Text Adversarial Purification as Defense against Adversarial Attacks
This addresses the problem of adversarial attacks in natural language processing for model security, representing a novel application of purification to text, though it is incremental as it adapts existing vision-based purification concepts to the text domain.
The paper tackles defending against textual adversarial attacks by introducing an adversarial purification method that masks and reconstructs input texts using language models, achieving successful defense against strong word-substitution attacks like Textfooler and BERT-Attack.
Adversarial purification is a successful defense mechanism against adversarial attacks without requiring knowledge of the form of the incoming attack.
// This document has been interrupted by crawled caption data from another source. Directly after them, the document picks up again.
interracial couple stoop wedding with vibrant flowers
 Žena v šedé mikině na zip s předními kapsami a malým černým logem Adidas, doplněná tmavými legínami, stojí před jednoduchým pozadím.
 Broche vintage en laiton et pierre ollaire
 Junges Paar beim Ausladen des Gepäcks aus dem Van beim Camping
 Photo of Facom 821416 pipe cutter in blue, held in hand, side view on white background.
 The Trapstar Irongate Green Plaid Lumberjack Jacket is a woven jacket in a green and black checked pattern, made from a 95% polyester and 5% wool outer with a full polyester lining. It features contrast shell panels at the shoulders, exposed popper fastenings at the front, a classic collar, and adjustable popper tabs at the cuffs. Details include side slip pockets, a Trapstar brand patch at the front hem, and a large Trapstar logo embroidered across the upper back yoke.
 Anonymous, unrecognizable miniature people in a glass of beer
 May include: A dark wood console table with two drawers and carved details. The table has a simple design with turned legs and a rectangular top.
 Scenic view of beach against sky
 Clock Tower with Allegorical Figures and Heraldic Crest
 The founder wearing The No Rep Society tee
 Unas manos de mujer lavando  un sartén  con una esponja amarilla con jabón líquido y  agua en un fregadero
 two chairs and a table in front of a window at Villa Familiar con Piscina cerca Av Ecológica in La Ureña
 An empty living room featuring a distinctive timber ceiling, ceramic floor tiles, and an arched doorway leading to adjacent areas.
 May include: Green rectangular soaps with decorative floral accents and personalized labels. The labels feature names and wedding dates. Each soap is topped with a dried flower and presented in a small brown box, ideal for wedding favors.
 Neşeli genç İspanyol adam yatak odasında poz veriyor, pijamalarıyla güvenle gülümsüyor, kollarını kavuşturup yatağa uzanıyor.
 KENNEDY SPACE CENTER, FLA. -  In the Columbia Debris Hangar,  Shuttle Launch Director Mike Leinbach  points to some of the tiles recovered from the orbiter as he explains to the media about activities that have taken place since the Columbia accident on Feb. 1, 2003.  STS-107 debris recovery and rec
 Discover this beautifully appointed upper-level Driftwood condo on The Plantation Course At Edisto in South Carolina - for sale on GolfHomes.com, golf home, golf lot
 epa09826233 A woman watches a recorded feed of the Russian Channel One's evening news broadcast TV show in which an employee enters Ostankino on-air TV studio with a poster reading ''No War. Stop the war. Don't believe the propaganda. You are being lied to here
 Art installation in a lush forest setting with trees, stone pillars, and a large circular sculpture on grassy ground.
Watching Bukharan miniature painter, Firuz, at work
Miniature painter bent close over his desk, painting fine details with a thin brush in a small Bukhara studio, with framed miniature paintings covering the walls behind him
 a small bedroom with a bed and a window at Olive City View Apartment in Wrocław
Generally, adversarial purification aims to remove the adversarial perturbations therefore can make correct predictions based on the recovered clean samples. Despite the success of adversarial purification in the computer vision field that incorporates generative models such as energy-based models and diffusion models, using purification as a defense strategy against textual adversarial attacks is rarely explored. In this work, we introduce a novel adversarial purification method that focuses on defending against textual adversarial attacks. With the help of language models, we can inject noise by masking input texts and reconstructing the masked texts based on the masked language models. In this way, we construct an adversarial purification process for textual models against the most widely used word-substitution adversarial attacks. We test our proposed adversarial purification method on several strong adversarial attack methods including Textfooler and BERT-Attack and experimental results indicate that the purification algorithm can successfully defend against strong word-substitution attacks.